7QT: The Odder Errors of Computers and Humans

7QT: The Odder Errors of Computers and Humans August 14, 2015

— 1 —

My family tends to share thoughts on the New Yorker caption contest every week, over email, when the magazine arrives (no wins yet!). But I didn’t know that our entries might be being winnowed out by a computer.  BloombergBusiness has a nice feature on the Microsoft team working with the New Yorker cartoon editor to see if they can build a program that can tell the difference between funny captions and ones that fall flat.

For the study, Shahaf fed cartoons and captions from the New Yorker’s database into the system and trained it to find the funniest choices among captions that make similar jokes. She relied partly on crowdsourced input from contract workers, using Amazon.com’s Mechanical Turk. Then she moved to the harder task of ranking jokes. Because typical computer vision software is designed for photos, not drawings, the researchers had to manually describe what was pictured in each cartoon. They organized this into two categories: the context and the anomalies.

No word on whether it would have passed or failed the cartoon from Seinfeld

— 2 —

Nautilus has an interesting piece on what we might be able to learn from the classification mistakes that computers make.  It’s one thing when a single program makes a mistake (e.g. classifying a picture of wavy lines as a starfish), but something else when programs developed independently wind up all erring in the same way.  It suggests there’s some kind of underlying way of modeling the world that these diverse programs have converged on that we don’t quite understand.

Such screwy results can’t be explained away as hiccups in individual computer systems, because examples that send one system off its rails will do the same to another. After he read “Deep Neural Networks Are Easily Fooled,” Dileep George, cofounder of the AI research firm Vicarious, was curious to see how a different neural net would respond. On his iPhone, he happened to have a now-discontinued app called Spotter, a neural net that identifies objects. He pointed it at the wavy lines that Clune’s network had called a starfish. “The phone says it’s a starfish,” George says.

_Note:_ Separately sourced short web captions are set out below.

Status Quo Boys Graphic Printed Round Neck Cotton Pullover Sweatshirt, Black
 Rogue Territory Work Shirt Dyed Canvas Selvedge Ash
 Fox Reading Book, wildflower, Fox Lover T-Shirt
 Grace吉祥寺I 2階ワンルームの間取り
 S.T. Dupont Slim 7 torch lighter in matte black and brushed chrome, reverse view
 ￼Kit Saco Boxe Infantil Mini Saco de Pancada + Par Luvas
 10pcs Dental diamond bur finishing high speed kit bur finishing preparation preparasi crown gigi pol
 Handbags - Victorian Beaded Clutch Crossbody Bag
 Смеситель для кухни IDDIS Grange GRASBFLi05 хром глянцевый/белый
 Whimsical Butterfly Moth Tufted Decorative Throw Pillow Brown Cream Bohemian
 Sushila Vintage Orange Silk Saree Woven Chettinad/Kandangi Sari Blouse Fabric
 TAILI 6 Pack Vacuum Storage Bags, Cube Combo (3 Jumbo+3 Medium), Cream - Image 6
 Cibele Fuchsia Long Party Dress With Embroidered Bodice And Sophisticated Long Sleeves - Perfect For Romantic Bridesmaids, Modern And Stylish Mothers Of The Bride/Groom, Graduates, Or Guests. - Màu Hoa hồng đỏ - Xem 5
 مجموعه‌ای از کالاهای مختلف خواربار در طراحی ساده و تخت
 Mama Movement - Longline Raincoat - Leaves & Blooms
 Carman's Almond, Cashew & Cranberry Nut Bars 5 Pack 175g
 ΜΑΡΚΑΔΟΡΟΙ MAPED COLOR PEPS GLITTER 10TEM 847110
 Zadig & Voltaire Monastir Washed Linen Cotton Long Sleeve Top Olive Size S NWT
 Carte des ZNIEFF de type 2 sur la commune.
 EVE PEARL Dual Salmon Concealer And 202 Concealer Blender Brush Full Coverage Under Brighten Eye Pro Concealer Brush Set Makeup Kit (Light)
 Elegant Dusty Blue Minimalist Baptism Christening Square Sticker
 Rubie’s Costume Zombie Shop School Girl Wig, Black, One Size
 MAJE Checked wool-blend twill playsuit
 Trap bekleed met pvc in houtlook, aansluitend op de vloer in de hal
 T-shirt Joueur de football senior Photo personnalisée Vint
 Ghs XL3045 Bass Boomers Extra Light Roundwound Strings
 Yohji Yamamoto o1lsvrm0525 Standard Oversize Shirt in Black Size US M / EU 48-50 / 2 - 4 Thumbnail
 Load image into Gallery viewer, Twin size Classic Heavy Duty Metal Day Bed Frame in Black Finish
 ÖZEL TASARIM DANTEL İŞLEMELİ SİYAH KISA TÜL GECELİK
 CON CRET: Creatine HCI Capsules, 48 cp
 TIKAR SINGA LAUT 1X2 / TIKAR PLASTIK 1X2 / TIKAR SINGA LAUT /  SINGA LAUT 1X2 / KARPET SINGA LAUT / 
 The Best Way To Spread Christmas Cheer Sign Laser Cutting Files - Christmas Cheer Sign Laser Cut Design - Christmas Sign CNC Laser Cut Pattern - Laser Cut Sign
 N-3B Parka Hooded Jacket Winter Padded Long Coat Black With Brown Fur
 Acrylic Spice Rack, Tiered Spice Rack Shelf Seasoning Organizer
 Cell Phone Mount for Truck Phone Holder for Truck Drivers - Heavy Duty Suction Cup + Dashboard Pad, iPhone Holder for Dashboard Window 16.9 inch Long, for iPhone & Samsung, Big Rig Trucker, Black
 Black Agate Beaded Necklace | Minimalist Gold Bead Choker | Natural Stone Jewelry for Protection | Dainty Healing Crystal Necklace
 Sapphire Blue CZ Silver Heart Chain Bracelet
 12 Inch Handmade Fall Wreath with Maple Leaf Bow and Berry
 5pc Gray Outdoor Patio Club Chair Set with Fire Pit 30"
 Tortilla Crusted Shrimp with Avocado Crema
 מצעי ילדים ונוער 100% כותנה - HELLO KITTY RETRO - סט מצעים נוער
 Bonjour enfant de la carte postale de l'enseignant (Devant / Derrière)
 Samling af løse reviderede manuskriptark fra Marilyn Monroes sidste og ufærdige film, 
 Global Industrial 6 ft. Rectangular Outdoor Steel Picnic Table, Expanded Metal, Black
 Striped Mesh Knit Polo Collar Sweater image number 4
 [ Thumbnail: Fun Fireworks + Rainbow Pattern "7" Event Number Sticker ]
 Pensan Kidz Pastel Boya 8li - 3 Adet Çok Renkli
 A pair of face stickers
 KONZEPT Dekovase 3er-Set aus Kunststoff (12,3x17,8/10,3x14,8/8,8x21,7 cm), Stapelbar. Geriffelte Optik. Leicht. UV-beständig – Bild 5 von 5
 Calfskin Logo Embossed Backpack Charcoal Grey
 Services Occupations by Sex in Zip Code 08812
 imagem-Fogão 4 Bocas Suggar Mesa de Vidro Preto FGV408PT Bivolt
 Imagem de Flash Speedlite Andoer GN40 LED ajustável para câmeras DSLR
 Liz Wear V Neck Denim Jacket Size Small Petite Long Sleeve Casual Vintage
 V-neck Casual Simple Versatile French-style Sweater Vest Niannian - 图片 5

Spotter was examining a photo that differed from the original in many ways: George’s picture was taken under different lighting conditions and at a different angle, and included some pixels in the surrounding paper that weren’t part of the example itself. Yet the neural net produced the same extraterrestrial-sounding interpretation. “That was pretty interesting,” George says. “It means this finding is pretty robust.”

In fact, the researchers involved in the “starfish” and “ostrich” papers made sure their fooling images succeeded with more than one system. “An example generated for one model is often misclassified by other models, even when they have different architectures,” or were using different data sets, wrote Christian Szegedy, of Google, and his colleagues. “It means that these neural networks all kind of agree what a school bus looks like,” Clune says. “And what they think a school bus looks like includes many things that no person would say is a school bus. That really surprised a lot of people.”

— 3 —

Of course, it’s not just computers that make choices that are baffling from the outside.  I do like the “because it is there” spirit that led people to figure out a way to play Fallout 3, an action roleplaying video game, as a baby.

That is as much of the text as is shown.